▸ **Task requirements**
Nothing in the records below should be altered when they are retyped.

Short text fragments from websites:

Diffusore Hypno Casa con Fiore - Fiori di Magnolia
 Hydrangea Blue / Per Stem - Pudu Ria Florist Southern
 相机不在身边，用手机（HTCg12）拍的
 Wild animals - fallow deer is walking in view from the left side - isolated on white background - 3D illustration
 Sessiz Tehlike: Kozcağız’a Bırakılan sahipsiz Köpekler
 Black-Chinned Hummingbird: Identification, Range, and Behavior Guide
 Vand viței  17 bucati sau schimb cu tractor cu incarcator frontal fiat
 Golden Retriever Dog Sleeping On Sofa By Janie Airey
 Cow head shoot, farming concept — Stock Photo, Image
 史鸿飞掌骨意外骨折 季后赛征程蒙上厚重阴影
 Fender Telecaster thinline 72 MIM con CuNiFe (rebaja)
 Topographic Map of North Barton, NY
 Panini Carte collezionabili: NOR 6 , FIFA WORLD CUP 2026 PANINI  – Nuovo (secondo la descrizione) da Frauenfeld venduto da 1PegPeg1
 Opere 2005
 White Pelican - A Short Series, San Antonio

▸ **Task output**
Diffusore Hypno Casa con Fiore - Fiori di Magnolia
 Hydrangea Blue / Per Stem - Pudu Ria Florist Southern
 相机不在身边，用手机（HTCg12）拍的
 Wild animals - fallow deer is walking in view from the left side - isolated on white background - 3D illustration
 Sessiz Tehlike: Kozcağız’a Bırakılan sahipsiz Köpekler
 Black-Chinned Hummingbird: Identification, Range, and Behavior Guide
 Vand viței  17 bucati sau schimb cu tractor cu incarcator frontal fiat
 Golden Retriever Dog Sleeping On Sofa By Janie Airey
 Cow head shoot, farming concept — Stock Photo, Image
 史鸿飞掌骨意外骨折 季后赛征程蒙上厚重阴影
 Fender Telecaster thinline 72 MIM con CuNiFe (rebaja)
 Topographic Map of North Barton, NY
 Panini Carte collezionabili: NOR 6 , FIFA WORLD CUP 2026 PANINI  – Nuovo (secondo la descrizione) da Frauenfeld venduto da 1PegPeg1
 Opere 2005
 White Pelican - A Short Series, San Antonio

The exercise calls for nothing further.